It is obvious from this reading that 20th century writing is very different from Early American Writing and even Romantic age writing. This was harder for me to read and grasp a bigger idea from. I think it is important to keep in mind the idea of chaos and absurdity when reading this poem. It doesn't flow like we typically think of flowing but I think Elliot does have a bigger idea in mind even if it is not as explicit as the average reader would like.
Throughout this writing, people are constantly trying to discover themselves and fulfillment in other people. This is evident in all of the many unsuccessful relationships that take place throughout one example being the typist and the clerk. The typist ends up being thankful that it is over! Not exactly what we would define as a fulfilling relationship (lines 250-255). It is also evident in the bar scene with the two girlfriends. This scene is also a good picture of the marriage and gender roles that existed during the 1920s ("What you get married for if you don't want children?) line 164.
This poem also has a desperate, frustrating feel to it. I think this is how Elliot feels about the society he finds himself in. There doesn't seem to be any hope left in humanity post World War I. This is evident in the scene when he is discussing how there is no water to be found anywhere (lines 345-355).

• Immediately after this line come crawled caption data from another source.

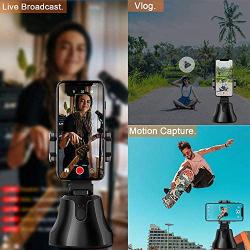 Phone Mount 360°Rotation Auto Face-Object Tracking Smart Shooting Camera Selfie Stick for TikTok/YouTube/Live Stream/Makeup/Compatible with iPhone Android Samsung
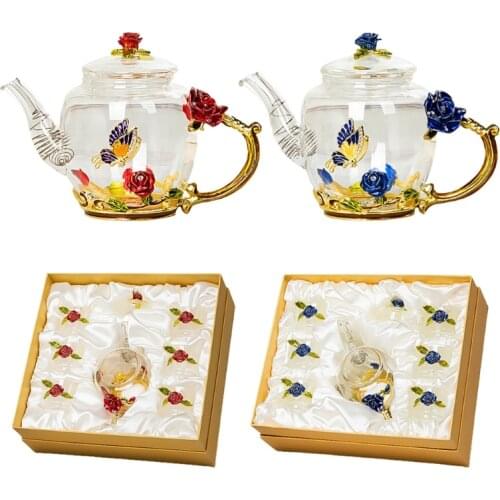 Glass Teapot - Enamel Rose Flower Butterfly Decoration Heat Resistant Glass Tea M68E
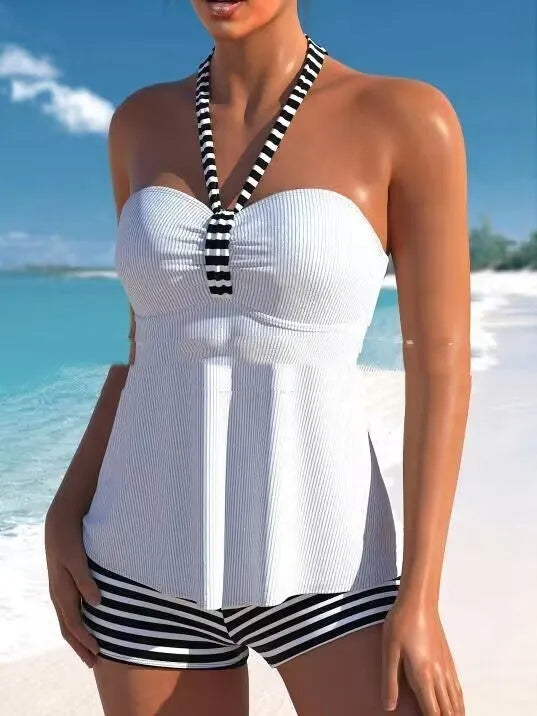 Women's off-shoulder swimsuit with solid colour and black white striped briefs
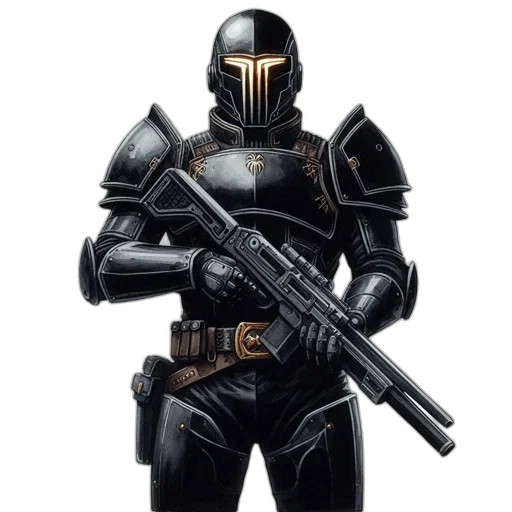 robot, weapon, mask, concept art, 3d render, fantasy art, comic book art, dark transparent PNG cut-out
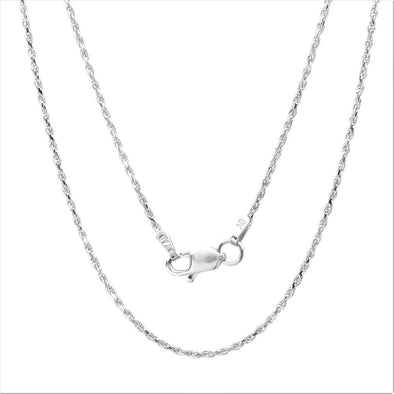 14K White Gold 1 mm Rope Chain (16-24 Inch)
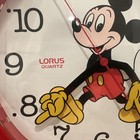 Disney Mickey Mouse Wall Clock Quartz Red Frame By Lorus Quartz Japan Vintage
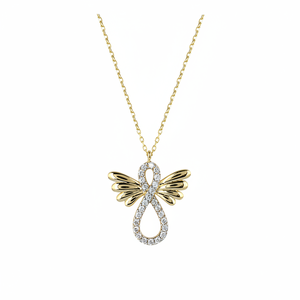 สร้อยคอทรงปีกนางฟ้าอินฟินิตี้สีทอง14K สำหรับผู้หญิงทำจากไก่งวง - Product Image 2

Desperation is also evident in lines 111-114 when he is describing the wealthy woman who is racked with nerves and hungry for attention from somebody.

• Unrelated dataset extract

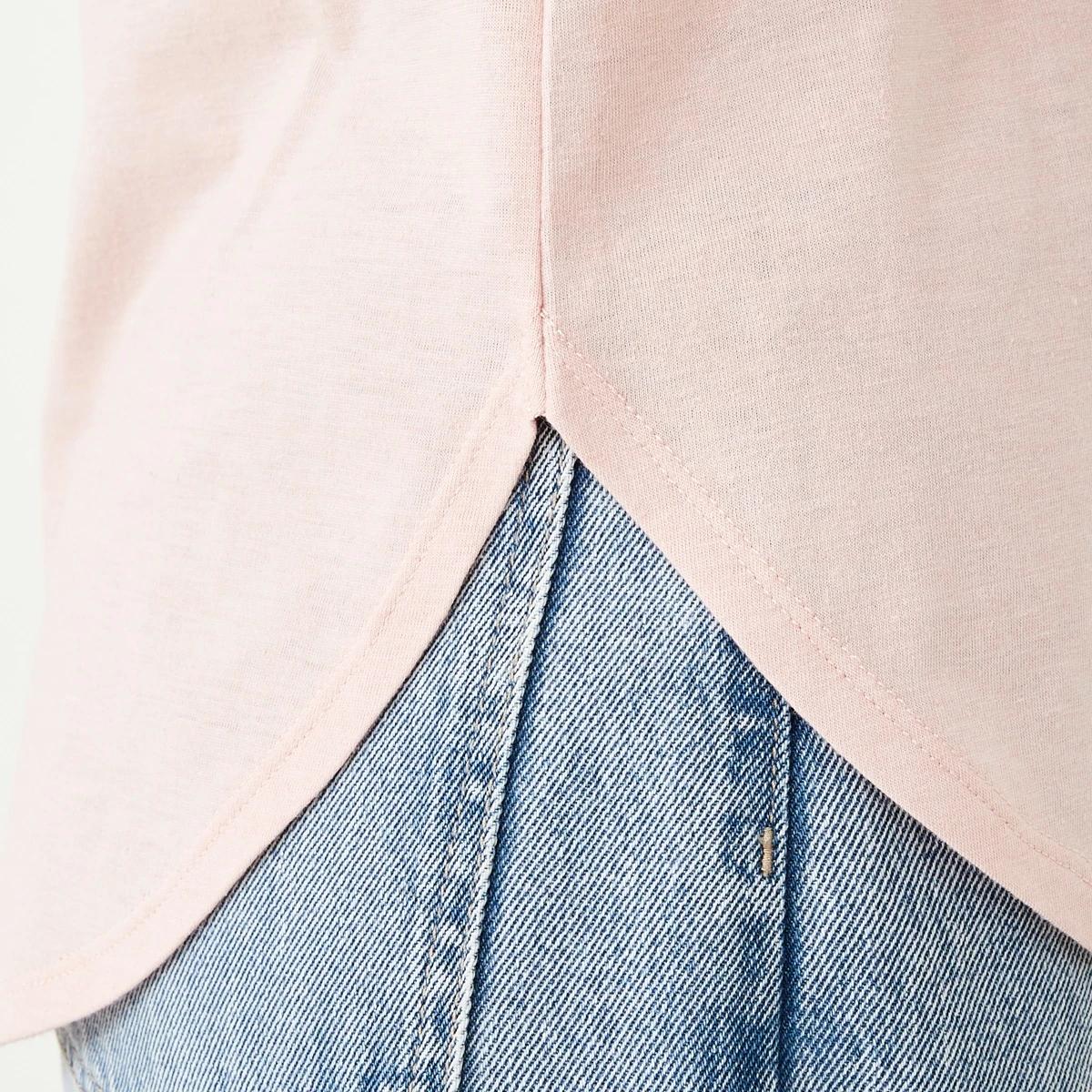 6 Extended Sleeve Slub T-shirt Rose Pink, 6 of 6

Elliot's writing reminded me a little of Whitman when he wrote about the rock and the shadows (lines 25-30). Here, Elliot is utilizing nature to make a broader point which Whitman frequently did. I think Elliot is trying to say here that the present is something that is more than the past and the future (the shadows ahead or behind you). There is rest and peace in the shadow.
Overall, this poem has an air that is sad and depressing. This is supported by the death by water section in which Elliot reminds his readers that everyone is susceptible to old age and eventually death. Also in lines 175-185, Elliot writes about the riverside in order to express his view that the good times have already come and gone and they have left behind sadness and tears ("other testimony of summer nights").